アニメは白イタチに襲われた島のネズミたちを助けるために、ガンバと仲間のネズミたちが島をめざして旅をする話ですが、旅の仲間は7匹。主人公ガンバ、力持ちヨイショ、ひねくれ者イカサマ、この3匹が意地っ張りでケンカしながら話は進みます。その他に食いしん坊ボーボ、医者で詩人で酔っ払いのシジン、「博士」役のガクシャ、島から助けを求めてやってきたチビの忠太。アニメはヒーロー・チームを16匹から7匹に整理しましたが、このうち3匹がリーダーになりたがって対立する構図はめずらしい。
あらすじと7の数字でわかるように、元ネタは映画「七人の侍」です。原作の計16匹てのは、いくらなんでも長編をささえるヒーロー・チームとしては多すぎる。キャラがたたない、というやつですね。小説版最大の欠点であり、原作者もここは自覚していました。ヒーロー・チームのお話は大きなストーリーを進めるだけじゃなくて、チーム内部の抗争と和解がなけりゃ。それにはそれぞれのキャラクターを細かく書き込んでいかなきゃいけないんで、16匹はムリ。7匹というのはぎりぎりの数字じゃないでしょうか。
「ガンバの冒険」のキャラクター書き込みは、連続TVアニメだからこそ可能でした。元祖「七人の侍」よりよくできてます。「七人の侍」では三船敏郎の乱暴者・菊千代、木村功の若い勝四郎、宮口精二の剣の達人・久蔵、リーダーの勘兵衛はいいとして、残りの地味な3人は整理してひとりにすることも可能だった(そんなこと誰も言いませんけど)。そして登場人物がみんな大人すぎて、菊千代のエピソード以外、内部の対立があまりなさすぎた(まあ映画でそんなことまで描いてたら、207分じゃ終わりませんわね)。

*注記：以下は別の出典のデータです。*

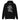 Leave Nothing But Sober Prints – Classic Recovery Hoodie - Black Graphic Print Hoodie - Sobervation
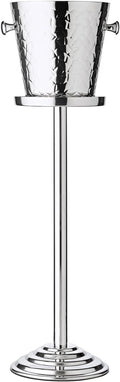 EDZARD Cooler do wina Capri ze stojakiem (Ø 22 cm, H 83 cm), wzorzysty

映画「七人の侍」(1954年)はなぜ7人なのか。野武士集団に対抗するには7人は必要だと志村喬の勘兵衛が発言してますが、確かにひとつはそのとおりなんでしょうけど、もうひとつは「7」がカッコイイ数字だったからじゃないか。「八人の侍」「六人の侍」より7のほうがいいような気が。
石森章太郎「サイボーグ009」(1964年)も実はタイトル先行の作品じゃないかなあ。米沢嘉博は野球の9人からの連想という説ですが、それは違うでしょ。単に「9」がカッコヨク思えたのと、世界中から戦士を集めてみたかったから。ただ、このヒーロー・チームも人数多すぎました。
主人公009とヒロイン003は別として、ニヒルでデキる002と004、無口な005と008、コメディ・リリーフの006と007(007は中年男でしたが、アニメ版では子供にされちゃいました)。すべて2人ずつキャラかぶってますから、もっと少なくてよかった。さらにいうなら赤ん坊の001とギルモア博士もひとりに整理できます。ギルモア博士なんか、後半001を抱っこしてるだけですしね。
石森章太郎というか、スタジオゼロ企画のTVアニメ「レインボー戦隊ロビン」(1966年)は人間はロビンだけで、他の6人は彼を育てたロボットだからちょっと集団ヒーローとはいえないか。主人公・ロビン、看護婦ロボットでヒロインのリリ、ガンマンのウルフ、力持ちのベンケイ、ロケット型ロボットのペガサス、「博士」役の教授、ネコ型ロボットのベル。教授とベルはコメディ・リリーフも担当。
少し整理されてきました。博士役でかつお笑い担当というふうに兼務も始めてます。
「ウルトラマン」(1966年)の科学特捜隊も一応はヒーロー・チーム。これはいかにもシンプルな構成で、主人公・ウルトラマンのハヤタ、ヒロインのフジ・アキコ、隊長ムラマツ、お笑い担当イデとアラシ。チーム内部に対立はありません。
これまでのベストと考えられてきたヒーロー・チームは、1972年の「科学忍者隊ガッチャマン」で有名になり、1975年戦隊ヒーローモノ第1作「秘密戦隊ゴレンジャー」でも踏襲された組み合わせ(ただこれにも先行作品があるんですけどね)。
以下次回。
Comments
貴重な証言ありがとうございます。七人の小人→七人の侍説は笑いました。ズッコケる小人っておとぼけ(Dopy)のことですか。七福神は案外いい線かもしれません。キリスト教にも7にからむ言葉として七大天使とかがあるらしいですし。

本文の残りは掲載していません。